7 Steps to Build a Mentally Healthy Workplace


EHS Consultant


Of course, the workplace is not solely responsible for creating such high levels of mental ill health but the workplace can be a perfect breeding ground for triggers, which instigate or compound mental health difficulties. At a human level, this is of course unfortunate, but the business cost to employers faced with this level of ill health is staggering.

Mental ill health causes absenteeism, high rates of staff turnover and presenteeism, an American conceived concept, which basically means coming into work while sick and not performing to one’s capabilities. It has been estimated that mental ill health is costing approximately 2% of GDP or about 3 billion euro per year to Irish business.
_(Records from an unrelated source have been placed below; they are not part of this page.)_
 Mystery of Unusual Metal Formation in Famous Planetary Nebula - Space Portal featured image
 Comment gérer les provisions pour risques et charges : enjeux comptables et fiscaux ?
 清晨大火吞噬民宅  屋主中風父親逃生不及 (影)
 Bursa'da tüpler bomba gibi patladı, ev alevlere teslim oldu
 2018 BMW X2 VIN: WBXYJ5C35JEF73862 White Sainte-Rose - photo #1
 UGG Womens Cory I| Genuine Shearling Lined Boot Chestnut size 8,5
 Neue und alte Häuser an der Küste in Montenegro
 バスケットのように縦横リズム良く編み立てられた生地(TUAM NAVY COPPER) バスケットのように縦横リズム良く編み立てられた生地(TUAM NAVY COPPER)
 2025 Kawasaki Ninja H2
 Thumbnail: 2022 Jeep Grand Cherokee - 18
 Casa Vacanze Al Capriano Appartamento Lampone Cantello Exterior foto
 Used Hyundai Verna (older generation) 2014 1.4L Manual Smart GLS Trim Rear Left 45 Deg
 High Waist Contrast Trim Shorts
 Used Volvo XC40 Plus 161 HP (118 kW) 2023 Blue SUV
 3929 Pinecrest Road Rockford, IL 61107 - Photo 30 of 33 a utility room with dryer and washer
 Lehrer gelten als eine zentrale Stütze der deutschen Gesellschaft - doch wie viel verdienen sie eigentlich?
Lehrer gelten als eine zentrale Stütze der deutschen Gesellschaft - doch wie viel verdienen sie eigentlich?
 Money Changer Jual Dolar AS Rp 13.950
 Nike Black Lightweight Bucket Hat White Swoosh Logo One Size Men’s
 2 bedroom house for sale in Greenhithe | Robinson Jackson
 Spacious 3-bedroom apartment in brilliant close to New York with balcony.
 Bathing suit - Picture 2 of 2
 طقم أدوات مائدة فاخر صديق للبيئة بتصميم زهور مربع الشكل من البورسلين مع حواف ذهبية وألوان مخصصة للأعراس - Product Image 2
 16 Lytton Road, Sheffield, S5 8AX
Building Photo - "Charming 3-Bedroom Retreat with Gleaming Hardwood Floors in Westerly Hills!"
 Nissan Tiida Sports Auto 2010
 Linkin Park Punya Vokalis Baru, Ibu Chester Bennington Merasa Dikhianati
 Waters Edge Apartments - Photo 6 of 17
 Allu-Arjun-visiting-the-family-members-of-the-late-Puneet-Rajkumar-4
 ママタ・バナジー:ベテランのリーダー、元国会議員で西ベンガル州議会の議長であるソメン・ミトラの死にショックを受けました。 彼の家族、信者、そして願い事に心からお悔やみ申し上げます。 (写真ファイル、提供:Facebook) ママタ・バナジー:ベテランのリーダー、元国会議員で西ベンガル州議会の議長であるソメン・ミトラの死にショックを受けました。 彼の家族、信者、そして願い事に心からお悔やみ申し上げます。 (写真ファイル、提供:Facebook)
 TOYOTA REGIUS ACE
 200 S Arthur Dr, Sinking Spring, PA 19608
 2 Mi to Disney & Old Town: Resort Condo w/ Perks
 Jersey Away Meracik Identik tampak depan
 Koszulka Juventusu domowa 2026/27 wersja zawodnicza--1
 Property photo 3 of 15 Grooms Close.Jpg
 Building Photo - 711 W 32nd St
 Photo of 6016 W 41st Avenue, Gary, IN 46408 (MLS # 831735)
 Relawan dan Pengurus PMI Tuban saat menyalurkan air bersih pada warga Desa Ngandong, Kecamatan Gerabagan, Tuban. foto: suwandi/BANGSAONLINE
However, employers who are positive and proactive in promotion of mental health can reduce absenteeism and increase their productivity.

It should also be remembered that employers have responsibilities under various legislation such as the Employment Equality Acts 1998 to 2011, and the Safety, Health and Welfare at Work Act 2005. Employers are duty bound by law to protect their employees and to provide a safe place of work in terms of both physical hazards and hazards which may cause mental ill health. Employers must also be cognizant that job seekers and employees cannot be discriminated against because of mental health issues in areas such as sick leave, pay, promotion and recruitment.

So what is mental health?

There are as many definitions of mental health as there are mental health disorders. Fundamentally, mental health is the emotional resilience which allows us to enjoy life, create friendships, and be productive at our jobs. This emotional resilience also allows us to survive the disappointments and setbacks in life such as bereavements, family problems and other stressful situations. Protecting our mental health is as important as protecting our physical health. It is well known today that we can assist in protecting our emotional resilience by being involved in some sort of exercise or social activity, but as we have discussed earlier, roughly one in six of us are suffering from mental ill health and it should be noted that mental ill health can occur in any individual regardless of age, sex, race or social class.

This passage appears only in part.